Petrol keşfine benzeyen bir haber türü daha var; vatandaşın yastık altındaki altınını ve dövizini ekonomiye kazandırmak. Petrolle ilgili haberler genellikle "yaratıcı haberciliğin" bir sonucu. Ama altın ve döviz konusu daha farklı. Altın ve dövizle ilgili değerlendirmeler "yaratıcı haberciliğin" değil, daha çok "yaratıcı politikacılığın" bir sonucu olarak çıkıyor karşımıza.
Yastık altındaki dövizin ekonomiye kazandırılmasında anlaşılır bir yön var. Vatandaş dövizini satar mı, satmaz mı, o ayrı bir yön; ama eğer bu döviz yastık altından çıkarsa, ekonomiye anında giren bir kaynak niteliğine bürünür. Üstelik, bir de döviz sıkıntısı yaşanan bir dönemse bir dizi derde çare olur. Ama ülkede döviz sıkıntısı bulunmuyorsa, bu dövizin yastık altından çıkarılmasına uğraşmanın da pek bir anlamı yoktur.
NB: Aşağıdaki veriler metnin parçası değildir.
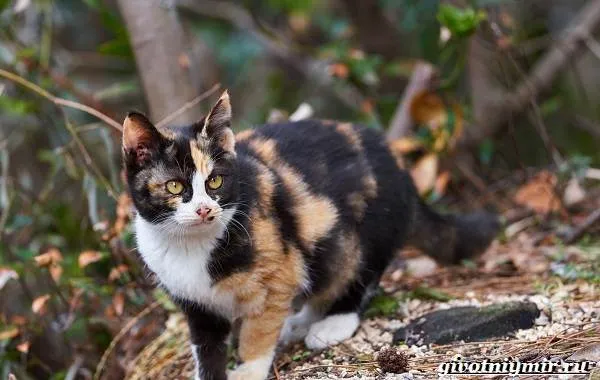 Трехцветная-кошка-Особенности-приметы-и-характер-трехцветных-кошек-10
Altınla ilgili durum ise daha farklı. Bugüne kadar zaman zaman dile getirilen bir görüş var. Vatandaşın yastık altında binlerce ton altını olduğu, bunun bir kısmının ekonomiye kazandırılması halinde bile ekonomide çok ciddi bir katkı oluşacağı görüşü savunulur. Bu görüş, son olarak İstanbul Altın ve Mücevher Zirvesi'nde dile getirildi. Görüşün sahibi Gümrük ve Ticaret Bakanı Hayati Yazıcı. Bakan Yazıcı, Türkiye'de yastık altı olarak tanımlanan ve yaklaşık 5-6 bin ton olduğu tahmin edilen tasarruf amaçlı altının ekonomik yapı içine girmesinin yollarının bulunması gerektiğini söyledi. Türkiye'nin toprak altındaki ve yastık altındaki altınlarının ekonomiye kazandırılmasının son derece önemli olduğunu vurgulayan Yazıcı, "Bu kaynakların verimli kullanılması ve sisteme katılması, ekonomimize uzun vadeli tasarruf gücü kazandıracak. Bunun sadece yüzde 10'u sisteme girse 28-30 milyar dolarlık bir kaynak sağlanmış olur" dedi.
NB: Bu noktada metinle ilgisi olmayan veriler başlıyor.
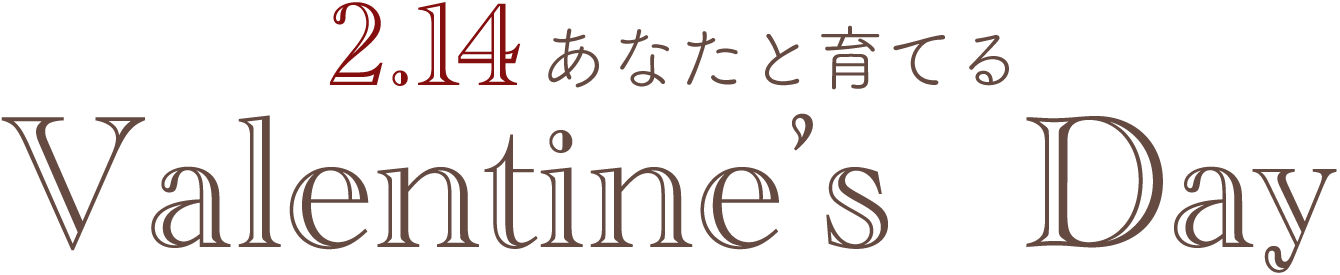 vt26_top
Amaç, yastık altında fiziki olarak tutulan altını, kaydi altına çevirmek. İyi güzel de, tasarruf sahibi zaten isterse kaydi altını şimdi de alabilir. Bankacılık sistemi bir dizi uygulamayla bu konuda tasarruf sahibinin yanında zaten.
O kadar çok altın hesabı var ki... Ama vatandaş hala altını eline alıp evinin bir köşesinde saklamayı tercih ediyor.
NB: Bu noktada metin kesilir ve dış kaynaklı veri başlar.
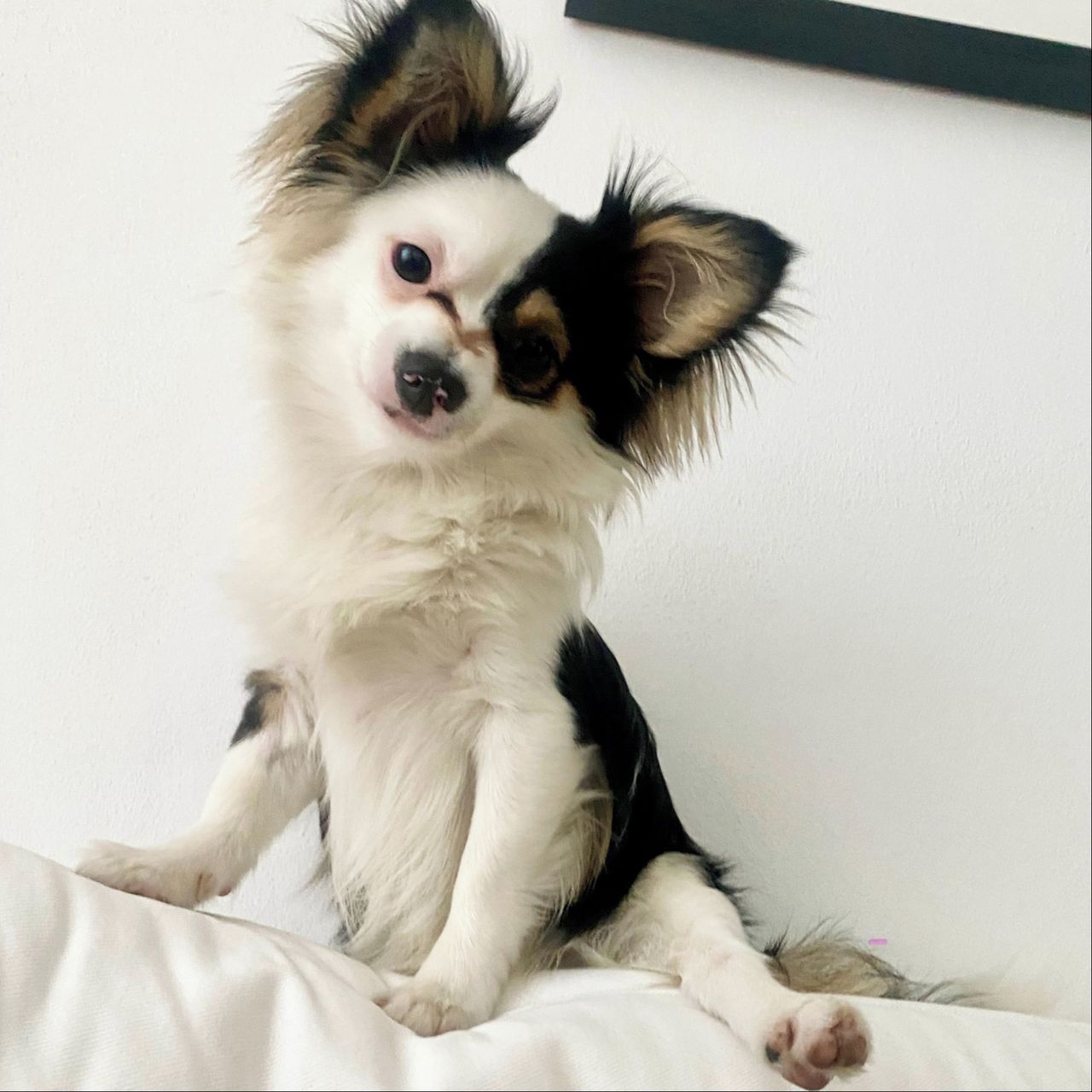 Soutěžní fotografie - Rambo,  Čivava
Peki, ne yapılacak da vatandaş yastığının altında sakladığı altınıyla vedalaşacak ve bu altını bankacılık sistemine sokacak? Vatandaşın derdi mi, evindeki altının ekonomiye kazandırılması, o altının ekonomiye yarar sağlaması? O yararın nasıl oluşacağı da tartışmalı ya... Her ilacın yan etkisi olması gibi, fiili altından kaydi altına geçilmesi konusunu kuyumculara sorun bakalım, onlar ne diyor...
Tasarrufunu yastık altında tuttuğu altınla yapan bir vatandaşı o altını bankaya götürmesi için ikna edebilmek çok ama çok zor. Ya da bu ikna çok ciddi bir ekonomik avantajla sağlanabilir. Peki, o zaman bu ekonomik avantajın yaratacağı maliyeti kim ödeyecek?
Hem Türk insanı klasik bakış açısıyla varlığı yanında olsun, elinin altında olsun ister. O altına dokunmak, o sıcaklığı hissetmek ister. Dolayısıyla "yastık altındaki altının yüzde şu kadarını ekonomiye kazandırsak" türü söylemler bir iyi dilek ifadesi olmaktan, yaratıcı politikacılığın bir göstergesi olmaktan öteye gidemez.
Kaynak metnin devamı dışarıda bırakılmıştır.